The SUVs — including the popular Chevrolet Tahoe/Suburban, GMC Yukon and Cadillac Escalade — will be first, coming to market in their newest forms next January as 2006 models, followed by the company's full-size pickups for model year 2007. 

All of these vehicles are developed on the same chassis platform, but when they were updated last, the pickups came to market first, in 1999, and the full-size SUVs a year later. This time, the SUVs are coming first. 

As for the rear-drive cars, the strategy is one of delay, not cancellation, the company said. 

"The key point is that in no way is GM abandoning its rear-wheel-drive strategy," Morrissey said. 

"We have several new rear-drive cars on the market now, including the Cadillac CTS and STS, and we have two roadsters coming — the Saturn Sky and Pontiac Solstice. We simply are restudying now what is the best approach to rear-wheel drive." 

GM will continue development of the Zeta architecture for other world markets, including Australia, Morrissey said. 

"We have stopped work on applications of this architecture for North America only," he said. "We have other options for North America, and we will be looking at those." 

Zeta is not the only rear-drive platform the company has been developing. The CTS, STS and Cadillac SRX are built on the Sigma architecture, and the Sky and Solstice are on a platform known at GM as Kappa. 

Zeta is a platform for premium midsize cars, while Sigma has been developed for luxury cars. Adapting that chassis to other applications is an alternative. 

"I can't say at this point when we might do something," Morrissey said. 

Chassis platform development is quite costly, and automakers try to develop as many individual vehicles from each platform as possible to help justify the billions it can cost for a new platform. 

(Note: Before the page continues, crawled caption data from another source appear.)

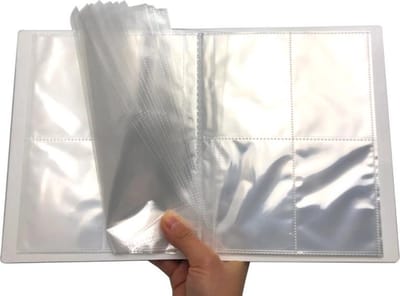 Kaarten verzamelmap - geschikt voor 240 standaard formaat kaarten - verzamel album - goedkoop kerst cadeau - sinterklaas - random kleur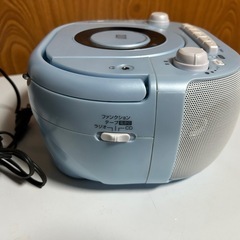AudioComm ポータブルCDプレーヤー 水色の画像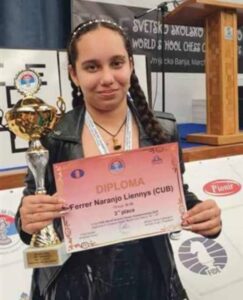 Cubanita gana tercer lugar en Campeonato Mundial Escolar de Ajedrez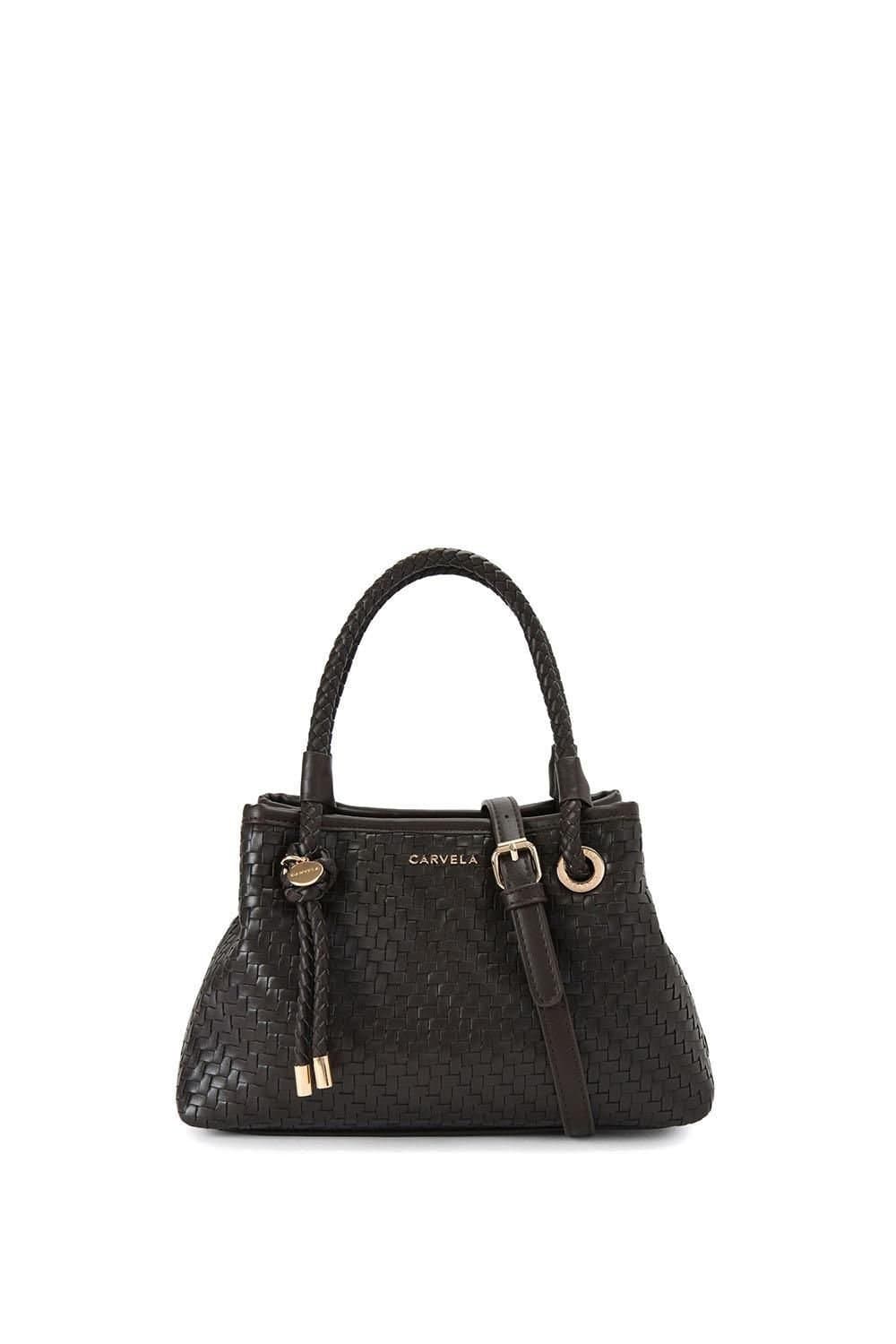 Carvela Carvela Women's 'Antionia Weave Mini' Bag in Dark Brown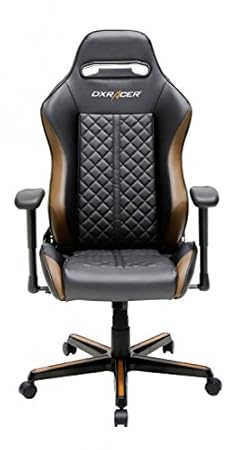 DXRacer OH/DH73/NC D73-NC Gaming Stuhl, Polyester, Schwarz/Braun Medium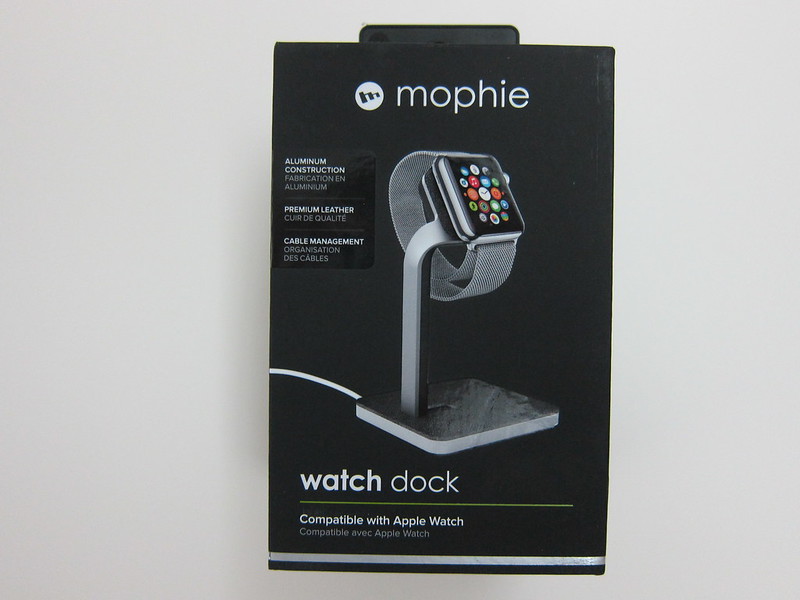 Mophie Apple Watch Dock - Box Front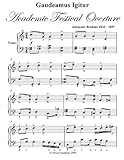 gaudeamus igitur iuvenes dum sumus significado  Gaudeamus Igitur Academic Festival Overture Elementary Piano Sheet Music (English Edition)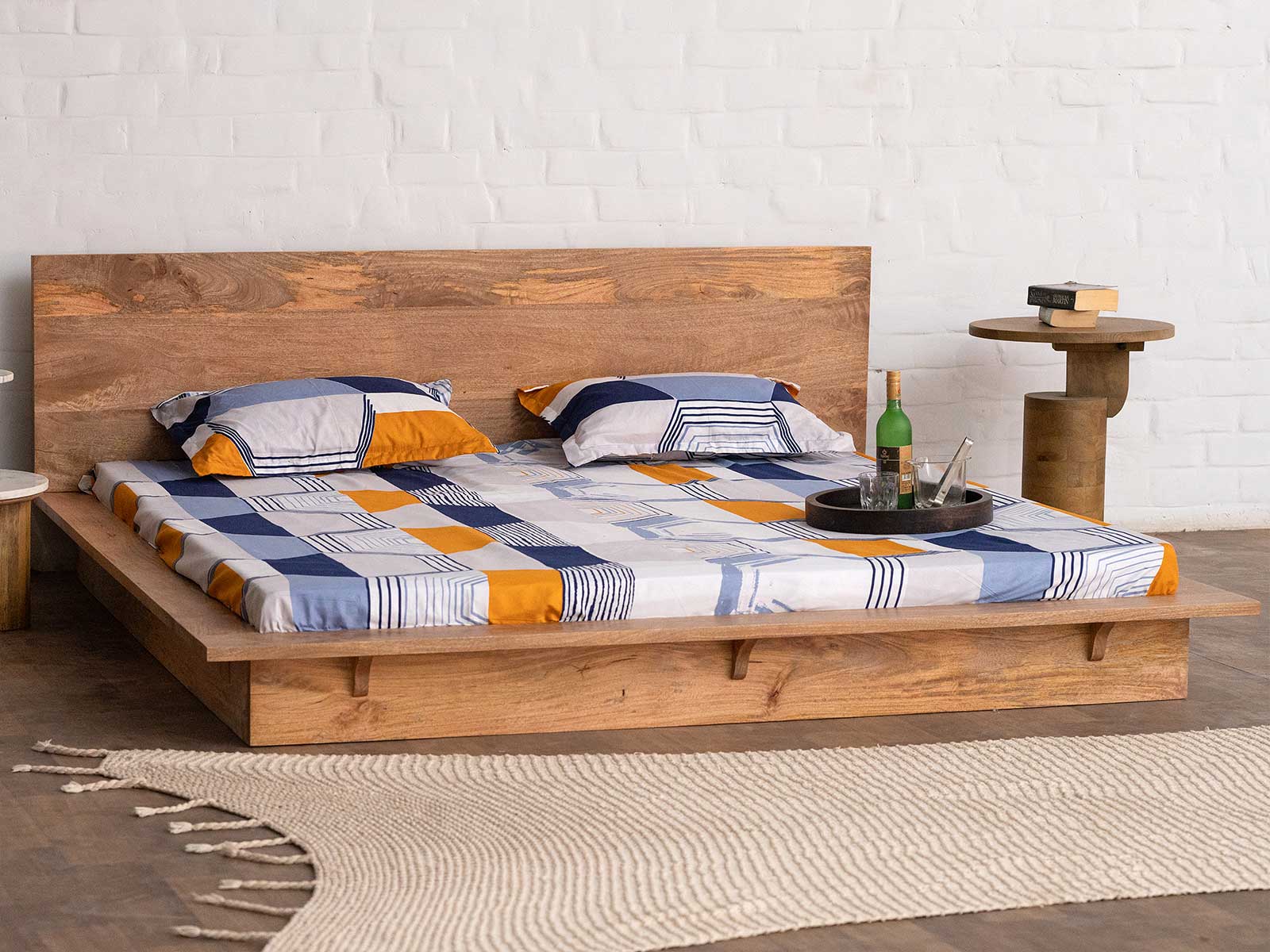 Duraster Preyas Mango Wood Platform Bed - Image 3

GM Vice Chairman Bob Lutz announced the news about Zeta on his GM blog site, fastlane.gmblogs.com, in a posting dated Monday. 

"Some news broke today about a reshuffling of our product plan, and I just want to clear one thing up before people get carried away," Lutz said. 

"Yes, we have canceled our plans to build rear-wheel-drive vehicles off the Zeta architecture. But that does not mean we've canceled plans to build rear-drive vehicles altogether. 

"We did not cancel the Zeta plans to save money, or to divert funds elsewhere that would've been used for product development. 

"We are simply reallocating resources (human and financial) to pull some other programs ahead and get other vehicles to market sooner. The press speculates this means we're doing it to get our next-generation large SUVs and pickups out sooner. You could see how one might reasonably come to such a conclusion. 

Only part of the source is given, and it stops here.